### Raw data

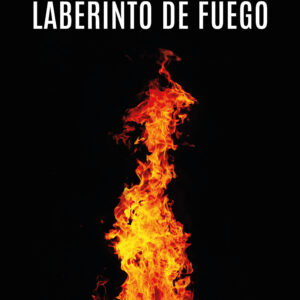 Laberinto de Fuego - Luisa Bragaña
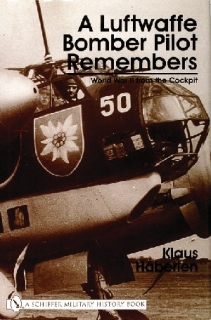 Luftwaffe Bomber Pilot Remembers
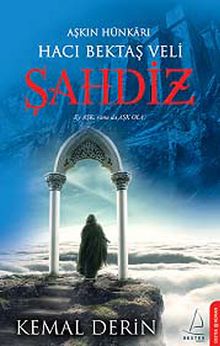 Şahdiz  Aşkın Hünkarı Hacı Bektaş Veli - Kemal Derin PDF İndir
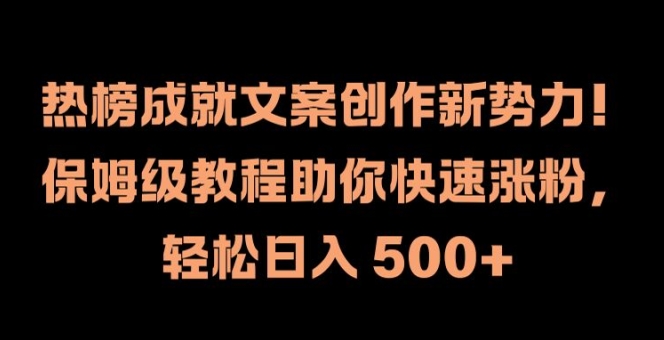 热榜成就文案创作新势力，保姆级教程助你快速涨粉，_免费分享网络创业,副业,信息差项目的老牌资源整合平台！金铲子项目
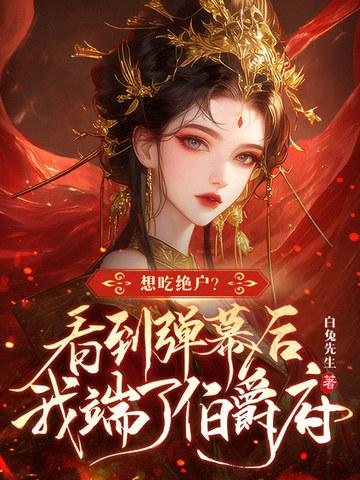 想吃绝户？看到弹幕后我端了伯爵府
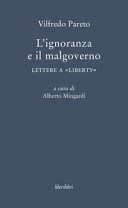 Copertina  L'ignoranza e il malgoverno : Lettere a «Liberty»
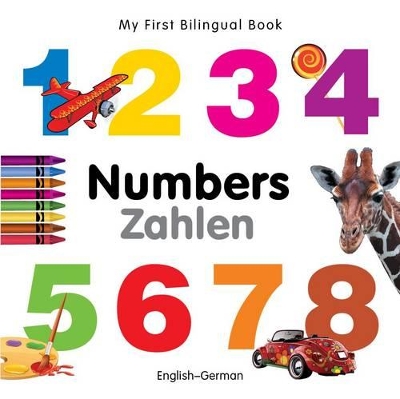 My First Bilingual Book - Numbers (English-German) book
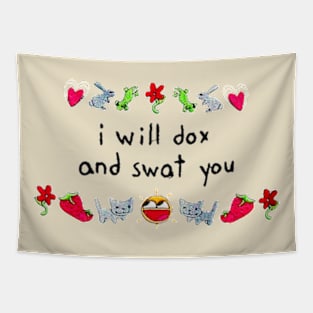 I Will Dox And Swat You Funny Tapestry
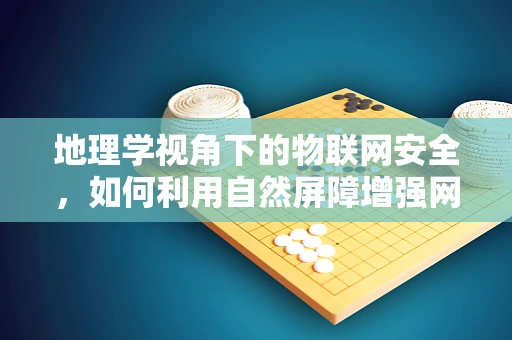 地理学视角下的物联网安全，如何利用自然屏障增强网络安全？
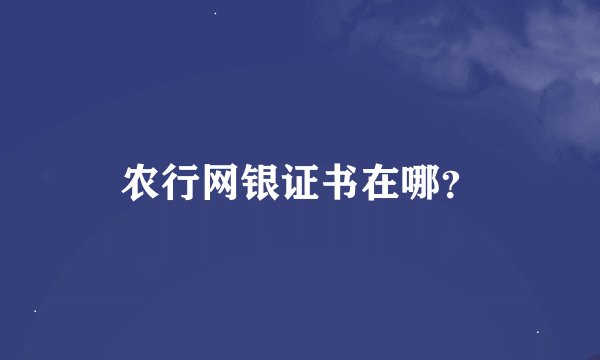 农行网银证书在哪？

######

What to work on -
Print the material exactly as given, but not the pictures.

Solution for this exercise -
 Laberinto de Fuego - Luisa Bragaña
 Luftwaffe Bomber Pilot Remembers
 Şahdiz  Aşkın Hünkarı Hacı Bektaş Veli - Kemal Derin PDF İndir
 热榜成就文案创作新势力，保姆级教程助你快速涨粉，_免费分享网络创业,副业,信息差项目的老牌资源整合平台！金铲子项目
 想吃绝户？看到弹幕后我端了伯爵府
 Copertina  L'ignoranza e il malgoverno : Lettere a «Liberty»
 My First Bilingual Book - Numbers (English-German) book
 I Will Dox And Swat You Funny Tapestry
 地理学视角下的物联网安全，如何利用自然屏障增强网络安全？
 农行网银证书在哪？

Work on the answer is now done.